Krugman’s blog, 9/17/15

There were two posts yesterday.  The first was “Fear the Rating Agencies:”

Or, maybe not. Remember how it was a big deal when S&P downgraded the United States — except nothing at all happened in the markets? Well, that was America, the world’s reserve-currency nation. Nobody else can shrug such things off, right?

Ahem. Japan just got downgraded; it has huge debt relative to GDP, the yen isn’t much of a reserve currency, and …

Japan 10-year bond
Japan 10-year bond, Bloomberg News

See the big reaction? Neither do I.

Yesterday’s second post was “European Lowflation:”

There is good reason to believe that the conventional 2 percent inflation target is too low, even for the United States; the risks of hitting the zero lower bound are clearly much higher than people believed when 2 percent became orthodoxy. But whatever the case for a higher US target, the case is much, much stronger for Europe, which combines Japan-style demography — a shrinking working-age population, making secular stagnation more likely — with adjustment problems that get much harder when inflation is low.
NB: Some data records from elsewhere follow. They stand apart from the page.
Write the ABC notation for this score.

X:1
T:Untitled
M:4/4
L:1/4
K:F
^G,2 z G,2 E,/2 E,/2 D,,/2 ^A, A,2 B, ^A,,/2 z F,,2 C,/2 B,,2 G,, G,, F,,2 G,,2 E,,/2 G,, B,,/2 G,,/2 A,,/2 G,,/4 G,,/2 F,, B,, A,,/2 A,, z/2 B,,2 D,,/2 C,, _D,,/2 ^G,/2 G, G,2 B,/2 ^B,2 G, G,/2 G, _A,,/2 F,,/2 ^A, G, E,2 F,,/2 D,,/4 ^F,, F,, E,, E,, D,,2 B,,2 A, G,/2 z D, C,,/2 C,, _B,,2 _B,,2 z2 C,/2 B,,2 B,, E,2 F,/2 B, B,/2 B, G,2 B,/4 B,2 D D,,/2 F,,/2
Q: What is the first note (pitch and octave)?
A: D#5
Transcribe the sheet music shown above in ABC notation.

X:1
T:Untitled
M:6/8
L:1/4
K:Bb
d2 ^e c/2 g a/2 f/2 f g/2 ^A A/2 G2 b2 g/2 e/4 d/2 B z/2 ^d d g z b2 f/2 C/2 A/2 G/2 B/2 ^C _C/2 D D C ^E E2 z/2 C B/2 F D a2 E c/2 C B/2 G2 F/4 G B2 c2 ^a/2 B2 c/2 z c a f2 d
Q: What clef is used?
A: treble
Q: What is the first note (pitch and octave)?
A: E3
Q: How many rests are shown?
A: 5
It’s important to realize that it matters not at all whether the overall rate is slightly positive or slightly negative; as the IMF says, “lowflation” creates all the problems we associate with deflation, even if the headline number is greater than zero.

So how’s it going? Terribly. Despite QE, euro area core inflation is stuck below 1 percent.

The euro remains a slow-motion disaster, despite the constant claims that a bit of growth here or there somehow vindicates all the suffering.